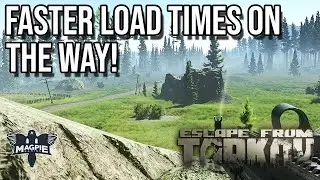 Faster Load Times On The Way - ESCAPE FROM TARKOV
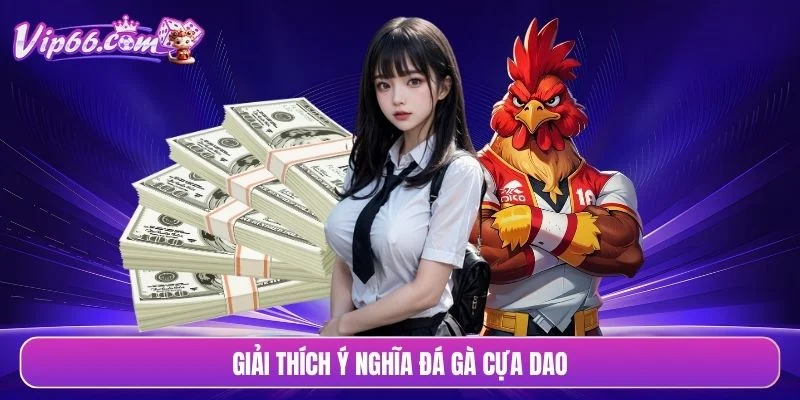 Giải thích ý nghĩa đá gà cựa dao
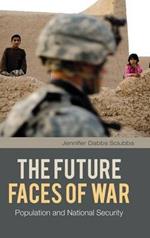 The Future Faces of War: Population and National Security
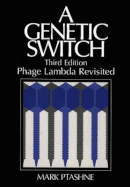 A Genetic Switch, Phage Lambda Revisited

...

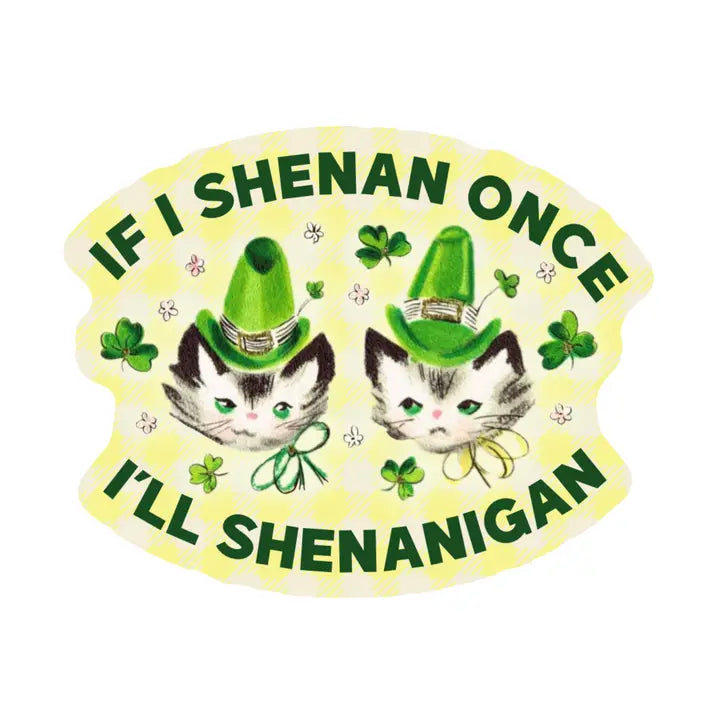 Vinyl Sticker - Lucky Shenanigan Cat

...

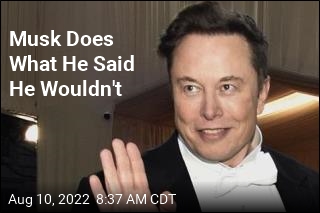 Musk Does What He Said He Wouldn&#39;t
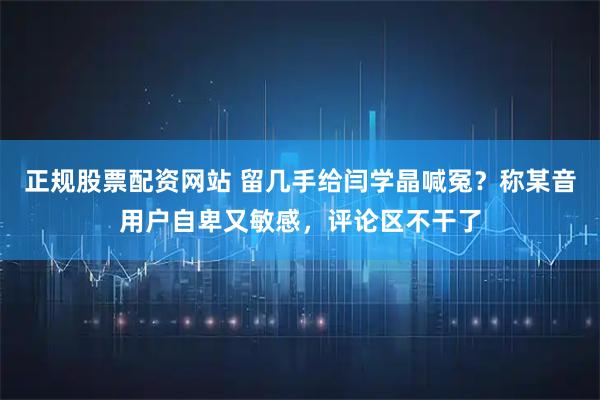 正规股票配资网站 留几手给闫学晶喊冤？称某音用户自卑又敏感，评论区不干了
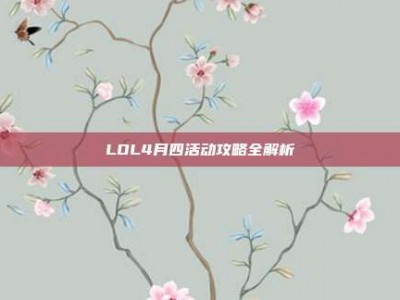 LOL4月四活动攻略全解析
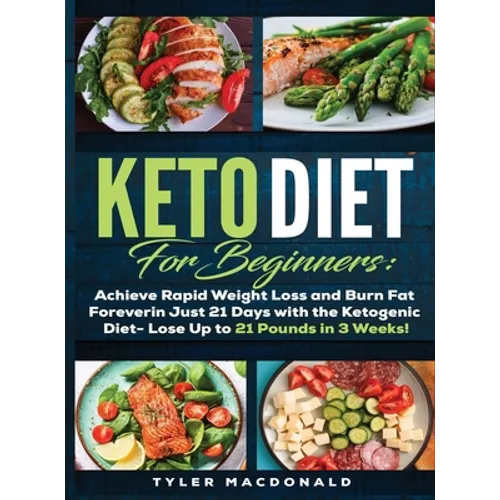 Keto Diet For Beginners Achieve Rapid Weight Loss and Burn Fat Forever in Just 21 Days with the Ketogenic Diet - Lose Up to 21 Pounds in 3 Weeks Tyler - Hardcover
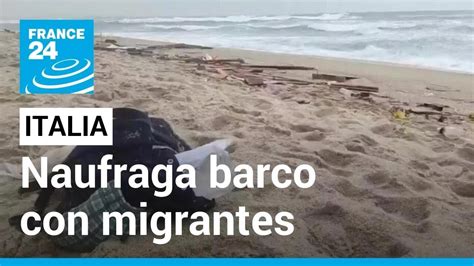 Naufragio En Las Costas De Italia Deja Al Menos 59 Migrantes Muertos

- [The task]: Pictures aside, return exactly the lines from the data above, starting at the line that has "LOL4月四活动攻略全解析" and ending at the line that has "Naufragio En Las", both included.

- [Task solution]:
 LOL4月四活动攻略全解析
 Keto Diet For Beginners Achieve Rapid Weight Loss and Burn Fat Forever in Just 21 Days with the Ketogenic Diet - Lose Up to 21 Pounds in 3 Weeks Tyler - Hardcover
 Naufragio En Las Costas De Italia Deja Al Menos 59 Migrantes Muertos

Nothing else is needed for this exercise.